Harvard Professor Emeritus James Kugel has written “Orthodox Jews (myself included) are, by definition, people who like to be told what to do. We accept eagerly the whole ‘prepared table’ of Judaism – not just the idea of avodat H’, but all the detailed plan that goes with it.”

As an observant Jew, I tend to agree with the professor. I am, however, troubled by an increase in the emphasis on correct rote practice – orthopraxy – accompanied by little or no insight. This tends to turn believers into automatons and it diminishes the time-honored religious Jewish practice of learning through questioning and growing within a system of belief.

I’ve been told that a rabbi, well educated in both religious and secular spheres, recently informed his congregants during a sermon that while he himself went to college, he would not make the same mistake with his own children. The implication of the comment, according to the individuals who told me about it, was that good Jewish children should not go to college. It was fine for the previous generation to obtain a higher education but not for their children.
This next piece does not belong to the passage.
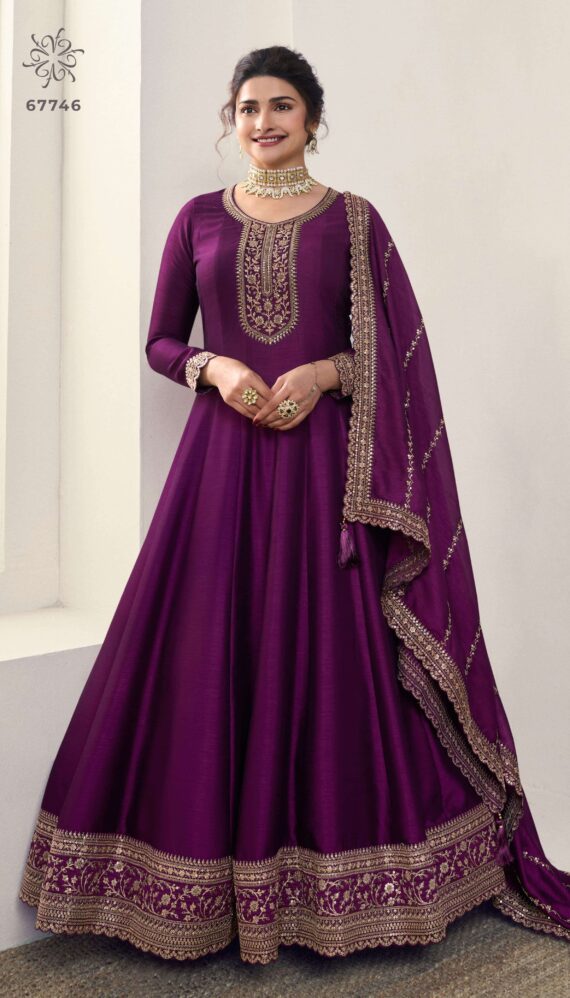 Ethnicrang Women's Silk Georgette Un Stitched Gown With Bottom And Dupatta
I am further told that this was presented to his congregants as his vision of the correct practice of religion.

If all his congregants were to follow his lead, and if we assume the 250 families in his shul average four children per family, then this rabbi will have potentially relegated 1,000 individuals to lives of relative secular illiteracy.

The recent cancellation of a charitable concert, which was to have been produced and performed by Orthodox Jews, is similarly quite troubling. If concerts will now be so easily disallowed, despite the proper precautions being taken, where will the opportunities for even a little diversion and socialization come from? Those who ask such questions are attacked as non-believers, though it would appear to be otherwise.
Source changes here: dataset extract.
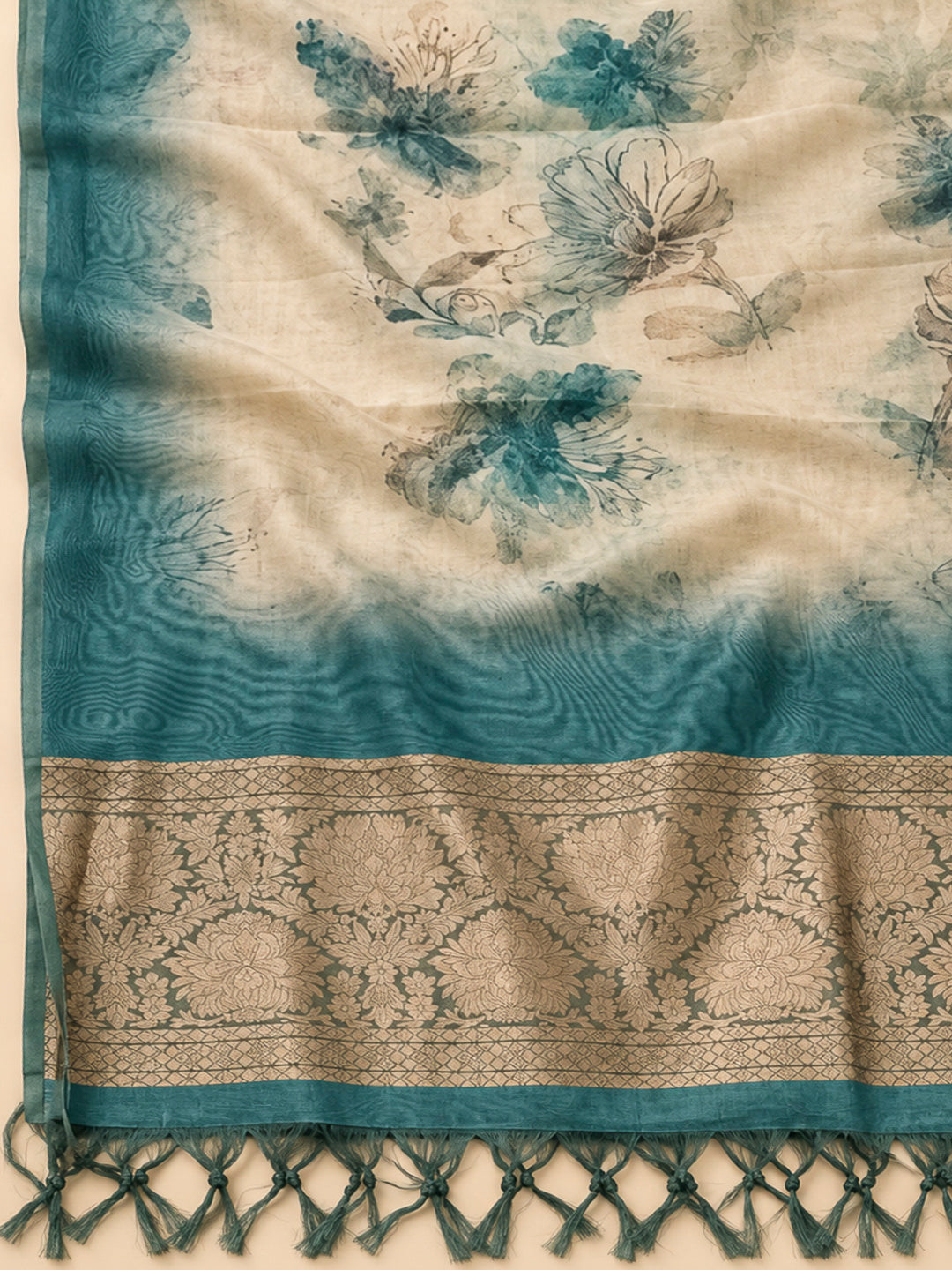 Rama Green Chanderi Embroidered Unstitched Dress Material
There has been much written about a recent study that found the rate of sexual abuse in the frum community to be similar to the rate in the general population. But rather than attempt to understand the study and its implications, all too many in the community have chosen to raise a tremendous uproar against anyone who dares suggest that abuse and domestic violence occur to such a degree in the Orthodox world.

Another example of orthopraxy masquerading as orthodoxy can be seen in the new so-called rules of dating that have become ever more stringent.
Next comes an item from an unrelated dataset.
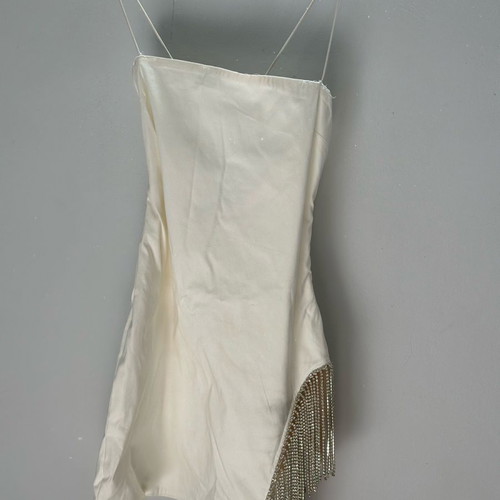 Oh Polly mini white dress with strass used, size S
I was contacted recently by a young man who asked me to intercede on his behalf with his rebbe. The young man had been dating a young woman and gone out with her ten times. He was happy with the process but was not yet ready to make a commitment to marriage. Both he and the woman wanted to continue dating to see if the relationship could develop further. The young man said his rebbe told him to break it off because they had gone out the maximum number of times. Indeed, the rebbe told me the same thing. His position was unyielding.

A young woman came with a similar story – she was told that after 50 hours of dating a person, she should know if he was the one to marry. Here too, young people were being forced into a position of acting without thinking; believing and understanding did not matter.

All groups and religions require a degree of conformity. But Judaism has a system of faith that is different from most others. Most areas of halacha have a “yaish omrim” – another position, another view. The other view is always respected and discussed with an attempt to understand it, even if it is not generally accepted. The purpose of this methodology is to develop belief, not just a blind faith practice.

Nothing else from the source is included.